It was bound to occur.
"I’ve been playing for a long time, all of us have been playing since we were kids, and injuries happen in football," Giants safety Logan Ryan said this week. "Every single year I’ve played, a really good player on my team has gotten hurt."
This year, it’s Saquon Barkley.
The running back will miss the rest of the season with a torn ACL suffered in last week’s loss to the Bears. It’s a devastating injury for him and for the team that was relying on his abilities as their best player.
But there are 14 games remaining on the Giants’ regular-season schedule, beginning with Sunday’s home tilt against the 49ers. Fourteen times they will have to take the field without Barkley.
Welcome to the Giants’ season, post-Saquon.
How they manage to pull things together – and whether or not they actually can – will be the new theme for the rest of the year. This is a team that spent the first game and a half trying to figure out how to get Barkley going. Now they’ll spend the next three months trying to figure out how to get going without him.
The answer is unlikely to come from any one particular person.
"Everyone has to do more to replace Saquon Barkley," Ryan said. "There’s not a backup we can put in that can just replicate that production. But the offensive line, the quarterback, the receivers, the running backs, myself, I need to make more plays on defense to mitigate the Saquon Barkley loss."
The coaches, too. They spent the offseason designing and installing an offense that revolved around 26. Now they have to adapt that playbook.
"We believe we have a system that allows us to do that," offensive coordinator Jason Garrett said. "Obviously, Saquon is a great, great football player and a really impactful player both in the run game and the passing game throughout his career. He was going to be a big part of what we wanted to do this year. Now we have to adjust."

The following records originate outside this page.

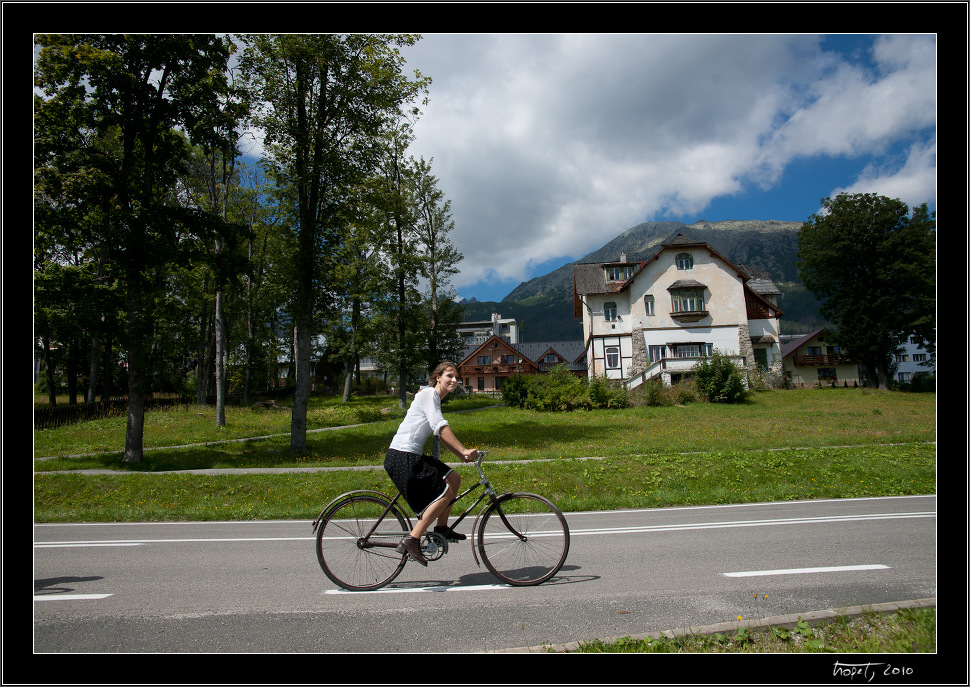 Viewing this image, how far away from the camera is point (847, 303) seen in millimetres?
43719

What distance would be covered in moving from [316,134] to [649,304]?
32.8 meters

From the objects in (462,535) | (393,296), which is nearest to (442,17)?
(462,535)

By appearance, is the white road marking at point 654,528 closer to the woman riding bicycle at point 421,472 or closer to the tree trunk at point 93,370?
the woman riding bicycle at point 421,472

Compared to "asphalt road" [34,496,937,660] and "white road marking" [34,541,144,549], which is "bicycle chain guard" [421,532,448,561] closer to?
"asphalt road" [34,496,937,660]

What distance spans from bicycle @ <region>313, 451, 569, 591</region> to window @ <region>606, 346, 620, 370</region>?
Answer: 4149cm

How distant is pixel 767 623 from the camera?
372 cm

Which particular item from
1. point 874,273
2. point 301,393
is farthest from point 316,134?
point 874,273

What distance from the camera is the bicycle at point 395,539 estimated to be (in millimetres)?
4832

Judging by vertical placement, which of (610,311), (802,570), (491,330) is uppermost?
(491,330)

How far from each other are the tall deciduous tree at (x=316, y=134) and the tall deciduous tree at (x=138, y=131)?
209 centimetres

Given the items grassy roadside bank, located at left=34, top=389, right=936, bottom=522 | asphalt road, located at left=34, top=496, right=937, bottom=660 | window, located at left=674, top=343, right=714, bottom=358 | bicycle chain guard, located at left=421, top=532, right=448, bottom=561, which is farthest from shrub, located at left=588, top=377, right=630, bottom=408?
bicycle chain guard, located at left=421, top=532, right=448, bottom=561

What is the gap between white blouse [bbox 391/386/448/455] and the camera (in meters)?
4.79

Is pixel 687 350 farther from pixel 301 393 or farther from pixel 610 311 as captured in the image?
pixel 301 393

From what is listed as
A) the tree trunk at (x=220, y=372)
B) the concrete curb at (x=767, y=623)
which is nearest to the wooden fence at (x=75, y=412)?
the tree trunk at (x=220, y=372) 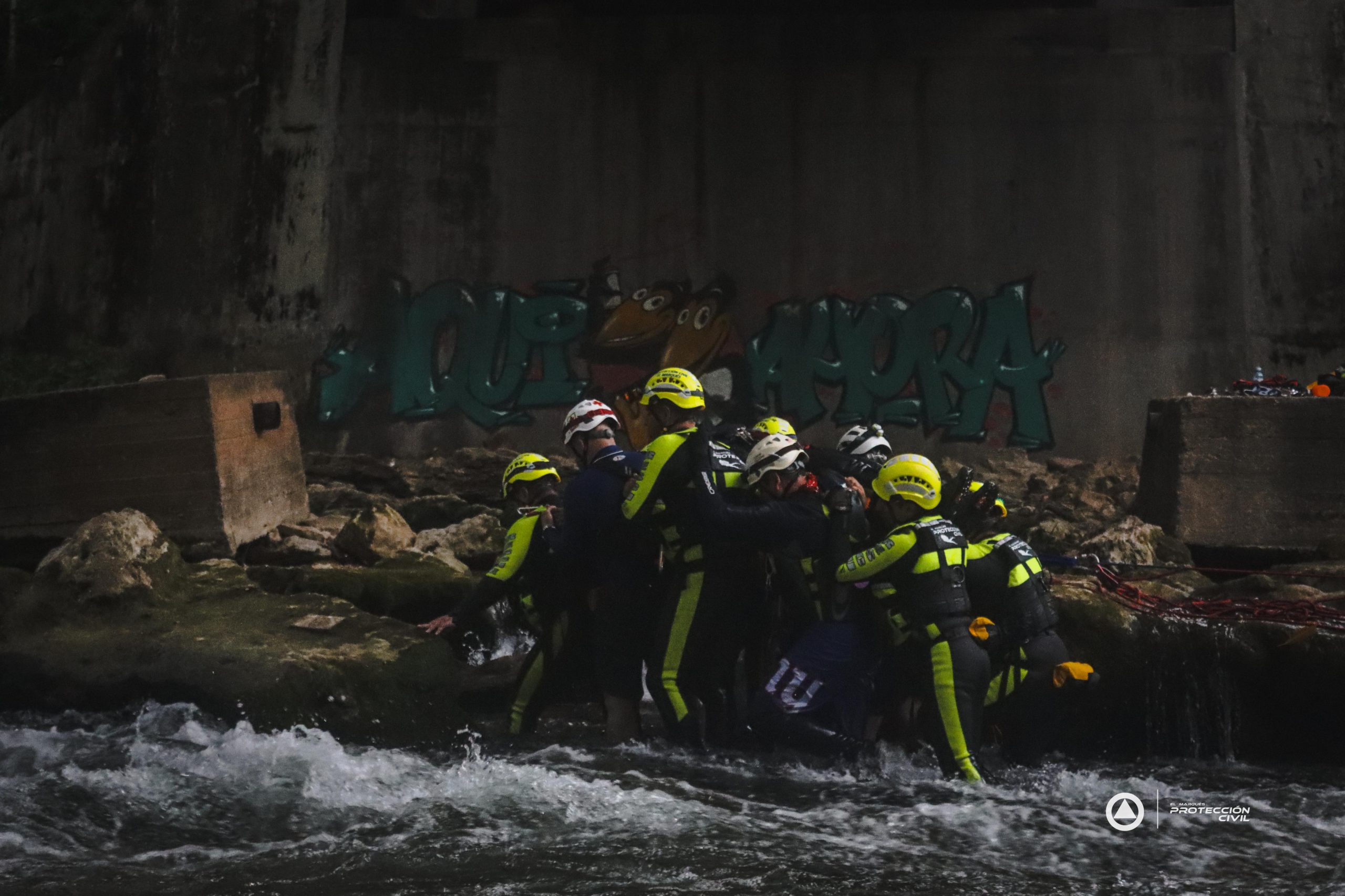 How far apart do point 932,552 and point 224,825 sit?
12.6 ft

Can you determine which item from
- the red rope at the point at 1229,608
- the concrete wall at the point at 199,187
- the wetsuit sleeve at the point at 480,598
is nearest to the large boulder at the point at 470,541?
the wetsuit sleeve at the point at 480,598

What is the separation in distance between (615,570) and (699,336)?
890 cm

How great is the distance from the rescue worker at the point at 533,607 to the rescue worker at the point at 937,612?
1.80 m

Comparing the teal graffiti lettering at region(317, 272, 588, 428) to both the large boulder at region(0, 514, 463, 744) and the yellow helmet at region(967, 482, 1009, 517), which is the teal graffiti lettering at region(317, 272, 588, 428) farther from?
the yellow helmet at region(967, 482, 1009, 517)

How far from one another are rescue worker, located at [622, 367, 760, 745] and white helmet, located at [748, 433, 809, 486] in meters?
0.15

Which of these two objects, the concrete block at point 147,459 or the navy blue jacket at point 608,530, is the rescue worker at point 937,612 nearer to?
the navy blue jacket at point 608,530

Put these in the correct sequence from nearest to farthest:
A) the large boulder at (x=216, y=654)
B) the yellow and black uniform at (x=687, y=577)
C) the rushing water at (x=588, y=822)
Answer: the rushing water at (x=588, y=822)
the yellow and black uniform at (x=687, y=577)
the large boulder at (x=216, y=654)

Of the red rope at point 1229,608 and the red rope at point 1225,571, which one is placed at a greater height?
the red rope at point 1225,571

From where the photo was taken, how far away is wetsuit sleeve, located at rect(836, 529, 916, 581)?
7.37 meters

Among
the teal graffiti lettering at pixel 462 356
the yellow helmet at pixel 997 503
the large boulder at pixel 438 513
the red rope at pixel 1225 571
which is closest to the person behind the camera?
the yellow helmet at pixel 997 503

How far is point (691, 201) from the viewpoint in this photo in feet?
55.7

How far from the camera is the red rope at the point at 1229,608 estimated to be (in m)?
8.76

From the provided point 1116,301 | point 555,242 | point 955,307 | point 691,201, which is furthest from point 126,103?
point 1116,301

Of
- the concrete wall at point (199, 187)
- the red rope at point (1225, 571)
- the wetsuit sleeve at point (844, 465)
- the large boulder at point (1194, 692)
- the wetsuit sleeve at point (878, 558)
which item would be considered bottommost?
the large boulder at point (1194, 692) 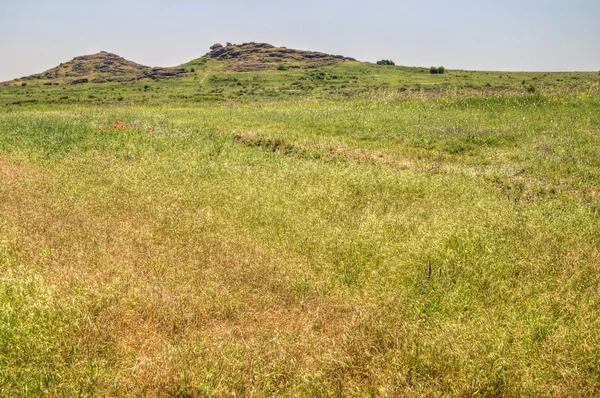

That likely means a running back committee rather than a one-man band. They signed Devonta Freeman this week and plan to use him along with Dion Lewis and Wayne Gallman. In some ways, that division of labor is more in line with the philosophies Joe Judge brought here from New England.
"Within every specific game plan we’re going to always look to use all of the players we have at the game and make sure we have enough combinations to go ahead and create advantages for ourselves," Judge said.
It certainly means, too, that Daniel Jones will have to become even more of the focal point of the offense . . . even if no one wants to actually say so.
"We have a lot of guys who can make plays," Jones said. "It’s about everyone doing what they have to do to execute as an offense. That’s the way we are going to be most effective . . . It’s not one guy or two guys, it’s the group stepping up and I’m confident we’ll be able to do that."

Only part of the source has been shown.